─── Data extracts
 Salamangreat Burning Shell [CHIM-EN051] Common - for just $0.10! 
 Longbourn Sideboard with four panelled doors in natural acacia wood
──────
─── Data extracts
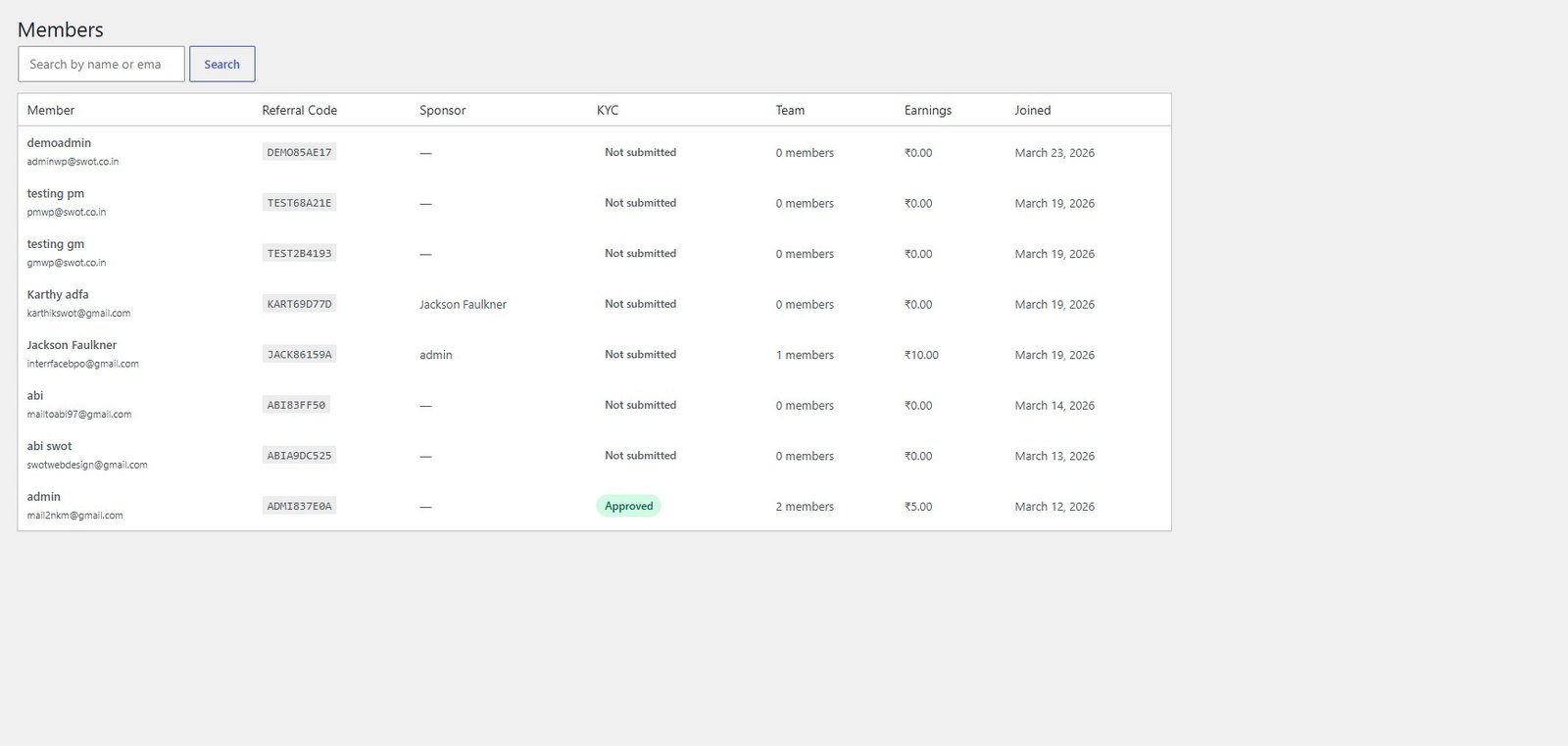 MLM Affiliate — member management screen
──────
─── Data extracts
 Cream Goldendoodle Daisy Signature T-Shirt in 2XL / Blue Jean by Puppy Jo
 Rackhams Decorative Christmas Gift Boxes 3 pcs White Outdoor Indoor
──────
# The task:
Above are the records; repeat exactly the lines from the one holding "Salamangreat Burning Shell" down to the one holding "Longbourn Sideboard with", end lines included.

# Solved problem:
 Salamangreat Burning Shell [CHIM-EN051] Common - for just $0.10! 
 Longbourn Sideboard with four panelled doors in natural acacia wood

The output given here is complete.